最初の北野博司様(東北芸術工科大学歴史遺産学科教授)の講演は、大坂城のような巨大な石垣が、なぜこれほど短い期間で作れたかという問いかけからはじまり、徳川時代の大坂城の石垣づくりは、「天下(公儀)普請」として、いかに史上類を見ない巨大公共プロジェクトであったかをお話しいただきました。
工事の間、多くの藩に競わせながら技術のレベルをあげていった様子、また、工事によって幕府への忠誠が強まり、主従関係や権力が強く固まって様子がよくわかりました。

続く岸本直文様(大阪市立大学文学研究科准教授)の講演では、大坂城の石垣が世界遺産の価値があることが熱く語られました。
しかし、それらの研究が他よりずっと遅れていることも指摘されました。
最先端の技術を駆使した今後の研究がすすめられることが望まれますが、そのためには行政や市民の意識をあげていかなくてはならないとおっしゃったのがとても心に響きました。

次は、三瓶祐司様(かながわ考古学財団調査研究部主査)より、江戸城の石切丁場の調査研究についてお話しを伺いました。
江戸城石垣の石は、伊豆半島を中心とした丁場から運ばれました。これまでの調査研究について詳細に説明されました。丁場から石を運んだ石曳道なども発見されていて、小豆島と同じく、切り出した石をどのようにして運んだのかが今後も研究され解明されていくことが楽しみになりました。

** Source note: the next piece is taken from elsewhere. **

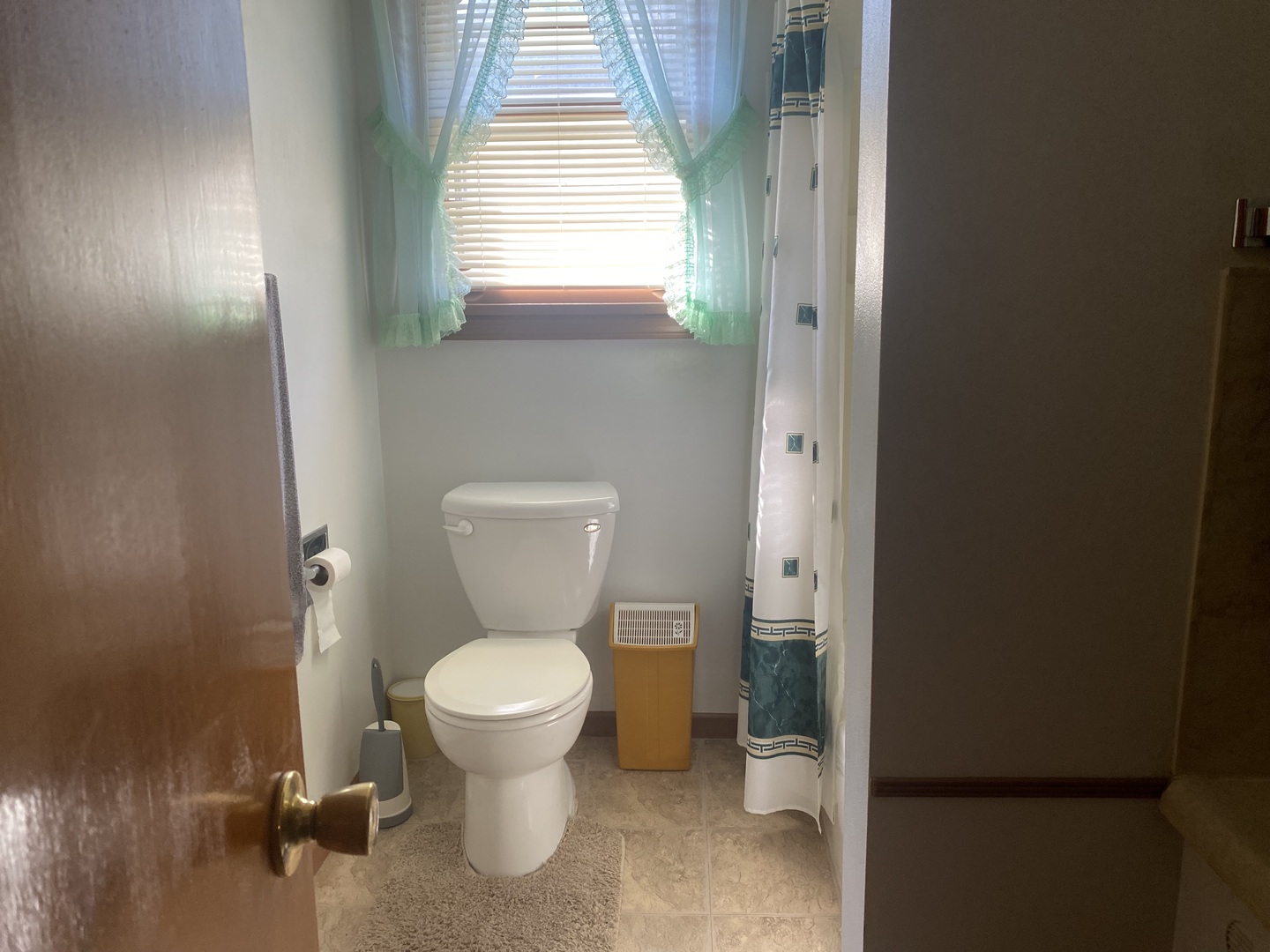 1415 Little Main Street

最後の富田和気夫様(石川県金沢城調査研究所担当課長)からは、金沢城の石垣や丁場の調査報告がありました。金沢城は、築城からずっと城主が前田家であり、穴太家や後藤家といった石工集団をかかえ、構築や修復を行っていた組織力に驚かされました。

その後もフリーディスカッションで、小豆島を中心とした「石の文化」の未来について語られました。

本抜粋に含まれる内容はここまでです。